One way to achieve this level of performance is to use high-speed brushless motors that can deliver the necessary power and performance, within the preferred footprint. Mechanical power is the product of torque and speed, and, to increase power, there is a need to either increase torque or speed. But generally, for a given technology, continuous torque is related to the motor's size and is often limited by thermal considerations.

Without considering high-speed constraints, a motor designer will try to optimize the torque the motor can dissipate for a given power dissipated by Joule effect. The figure of merits R/k 2 is a good factor to characterize a motor, and a good motor should have a small resistance and a high torque constant. One way to increase the torque constant is to use stronger magnets such as NeoFe.

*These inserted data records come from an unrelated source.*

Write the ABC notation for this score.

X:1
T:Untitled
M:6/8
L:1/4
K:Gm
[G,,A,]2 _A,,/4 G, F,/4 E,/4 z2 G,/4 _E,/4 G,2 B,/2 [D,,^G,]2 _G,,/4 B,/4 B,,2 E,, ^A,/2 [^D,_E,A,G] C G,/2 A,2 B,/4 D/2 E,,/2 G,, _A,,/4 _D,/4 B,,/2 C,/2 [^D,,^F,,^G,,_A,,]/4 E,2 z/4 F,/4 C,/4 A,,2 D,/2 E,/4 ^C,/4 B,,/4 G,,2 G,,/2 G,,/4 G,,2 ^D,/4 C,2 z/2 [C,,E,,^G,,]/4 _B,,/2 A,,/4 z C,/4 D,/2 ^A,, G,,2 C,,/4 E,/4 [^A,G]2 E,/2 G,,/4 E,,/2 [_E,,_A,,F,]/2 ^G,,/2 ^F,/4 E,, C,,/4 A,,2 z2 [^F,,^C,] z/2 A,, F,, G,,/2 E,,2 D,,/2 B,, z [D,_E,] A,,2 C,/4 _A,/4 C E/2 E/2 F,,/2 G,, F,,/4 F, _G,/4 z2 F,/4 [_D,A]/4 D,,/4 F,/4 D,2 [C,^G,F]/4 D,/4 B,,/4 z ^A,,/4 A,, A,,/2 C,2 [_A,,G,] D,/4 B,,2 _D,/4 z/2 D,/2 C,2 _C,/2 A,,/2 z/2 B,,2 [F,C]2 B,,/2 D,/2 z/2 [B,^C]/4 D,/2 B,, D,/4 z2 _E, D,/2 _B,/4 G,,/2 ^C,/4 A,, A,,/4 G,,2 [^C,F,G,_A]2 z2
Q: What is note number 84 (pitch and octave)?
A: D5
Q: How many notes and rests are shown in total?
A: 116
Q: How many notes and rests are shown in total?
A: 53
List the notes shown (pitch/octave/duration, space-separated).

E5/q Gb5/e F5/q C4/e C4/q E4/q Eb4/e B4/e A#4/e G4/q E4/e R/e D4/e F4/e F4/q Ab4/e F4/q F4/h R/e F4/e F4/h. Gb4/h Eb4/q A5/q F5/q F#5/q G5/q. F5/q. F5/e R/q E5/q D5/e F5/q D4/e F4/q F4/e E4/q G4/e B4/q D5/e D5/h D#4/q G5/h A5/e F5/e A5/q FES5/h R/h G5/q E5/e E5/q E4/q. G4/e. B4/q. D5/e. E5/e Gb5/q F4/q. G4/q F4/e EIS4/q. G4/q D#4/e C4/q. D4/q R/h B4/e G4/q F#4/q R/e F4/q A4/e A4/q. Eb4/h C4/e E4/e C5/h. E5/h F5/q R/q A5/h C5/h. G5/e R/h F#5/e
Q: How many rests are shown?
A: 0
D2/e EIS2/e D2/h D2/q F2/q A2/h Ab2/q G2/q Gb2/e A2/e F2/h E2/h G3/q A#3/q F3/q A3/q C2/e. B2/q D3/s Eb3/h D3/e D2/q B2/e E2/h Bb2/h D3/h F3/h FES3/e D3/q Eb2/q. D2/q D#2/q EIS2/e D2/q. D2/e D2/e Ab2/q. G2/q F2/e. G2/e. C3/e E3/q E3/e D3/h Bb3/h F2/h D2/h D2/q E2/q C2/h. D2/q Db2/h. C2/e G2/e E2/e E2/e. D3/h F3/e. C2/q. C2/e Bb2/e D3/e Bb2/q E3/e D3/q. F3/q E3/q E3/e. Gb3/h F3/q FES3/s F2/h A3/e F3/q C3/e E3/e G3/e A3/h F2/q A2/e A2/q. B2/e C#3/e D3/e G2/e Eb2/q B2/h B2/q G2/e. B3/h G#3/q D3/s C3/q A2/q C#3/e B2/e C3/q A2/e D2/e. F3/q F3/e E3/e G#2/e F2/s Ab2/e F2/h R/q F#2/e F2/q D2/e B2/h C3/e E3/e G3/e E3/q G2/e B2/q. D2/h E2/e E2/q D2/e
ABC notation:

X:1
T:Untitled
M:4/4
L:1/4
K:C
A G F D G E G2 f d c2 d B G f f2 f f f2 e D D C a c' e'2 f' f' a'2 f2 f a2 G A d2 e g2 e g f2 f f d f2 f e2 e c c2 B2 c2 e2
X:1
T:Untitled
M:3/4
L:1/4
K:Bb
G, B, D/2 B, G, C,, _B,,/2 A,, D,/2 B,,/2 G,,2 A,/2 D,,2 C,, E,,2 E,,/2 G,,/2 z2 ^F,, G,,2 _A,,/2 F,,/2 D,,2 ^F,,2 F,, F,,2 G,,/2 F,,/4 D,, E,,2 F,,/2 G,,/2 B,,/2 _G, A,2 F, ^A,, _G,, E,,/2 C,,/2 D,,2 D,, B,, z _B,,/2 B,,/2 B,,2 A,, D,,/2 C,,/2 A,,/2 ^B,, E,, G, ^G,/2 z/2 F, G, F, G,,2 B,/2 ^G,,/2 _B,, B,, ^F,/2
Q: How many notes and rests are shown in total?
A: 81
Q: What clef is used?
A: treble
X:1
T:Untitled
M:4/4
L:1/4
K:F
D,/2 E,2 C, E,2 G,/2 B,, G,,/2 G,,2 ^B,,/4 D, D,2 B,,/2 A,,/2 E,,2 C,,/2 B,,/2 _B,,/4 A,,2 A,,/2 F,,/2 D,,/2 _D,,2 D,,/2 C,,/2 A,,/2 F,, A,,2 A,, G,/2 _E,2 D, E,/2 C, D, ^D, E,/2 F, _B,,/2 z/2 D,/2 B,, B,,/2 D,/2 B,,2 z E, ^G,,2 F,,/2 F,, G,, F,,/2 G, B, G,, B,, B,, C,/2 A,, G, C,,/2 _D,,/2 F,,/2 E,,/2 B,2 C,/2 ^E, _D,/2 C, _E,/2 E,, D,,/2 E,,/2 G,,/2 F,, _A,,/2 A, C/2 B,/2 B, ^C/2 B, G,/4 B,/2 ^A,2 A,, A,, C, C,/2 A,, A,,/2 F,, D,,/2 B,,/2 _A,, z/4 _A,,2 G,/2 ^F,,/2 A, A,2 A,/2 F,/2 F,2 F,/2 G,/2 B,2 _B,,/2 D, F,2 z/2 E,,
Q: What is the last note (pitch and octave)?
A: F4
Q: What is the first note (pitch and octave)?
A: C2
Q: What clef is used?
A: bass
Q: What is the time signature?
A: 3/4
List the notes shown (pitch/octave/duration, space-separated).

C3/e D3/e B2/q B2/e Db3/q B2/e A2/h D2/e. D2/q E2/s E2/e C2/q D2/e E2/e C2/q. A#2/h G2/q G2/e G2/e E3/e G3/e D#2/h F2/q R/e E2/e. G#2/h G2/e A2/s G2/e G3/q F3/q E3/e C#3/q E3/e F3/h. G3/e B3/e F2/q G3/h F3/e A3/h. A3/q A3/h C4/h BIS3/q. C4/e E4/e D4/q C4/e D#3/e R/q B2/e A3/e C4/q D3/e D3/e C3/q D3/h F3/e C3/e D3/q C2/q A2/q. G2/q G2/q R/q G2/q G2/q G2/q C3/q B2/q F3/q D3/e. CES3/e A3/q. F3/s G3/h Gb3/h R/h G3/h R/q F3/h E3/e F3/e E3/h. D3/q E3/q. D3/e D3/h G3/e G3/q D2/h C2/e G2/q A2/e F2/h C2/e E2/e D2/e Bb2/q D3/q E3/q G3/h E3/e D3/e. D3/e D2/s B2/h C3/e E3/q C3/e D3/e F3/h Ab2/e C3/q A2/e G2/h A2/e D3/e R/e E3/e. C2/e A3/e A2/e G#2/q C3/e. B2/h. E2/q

In order to decrease Joule losses, the objective is to have as large a wire section as possible, to create the lowest copper resistance. After optimization of R/k 2, maximum torque is still limited for a given motor size by its thermal limitation. Consequently, the other parameter to increase the power is to increase the speed.

In theory, it seems easy to increase the speed by simply increasing the voltage of the power supply. However, increasing speed will generate more heat due to iron losses, bearing friction losses, and current ripple that also creates losses.

Iron losses due to Eddy current are the losses generated by the current circulating in the lamination created by magnetic flux. To decrease these losses, thinner laminations with high electrical resistance are used to increase the resistance within the lamination.

The magnetic material used to conduct the magnetic field also produces losses due to hysteresis. Every time the magnetic flux is reversed, the hysteresis of the material will generate losses. During the design, engineers can optimize hysteresis losses by using specific magnet materials such as FeNi.

Iron losses depend on the square of the induction in the iron laminations, and on the square of the frequency. For this reason, motors generally having a high number of pole-pairs will have speed limitations. In many cases, according to the specific design, a motor with two pole-pairs will have more iron losses than a motor having one pole pair, but it's likely this motor will have a better R/k 2.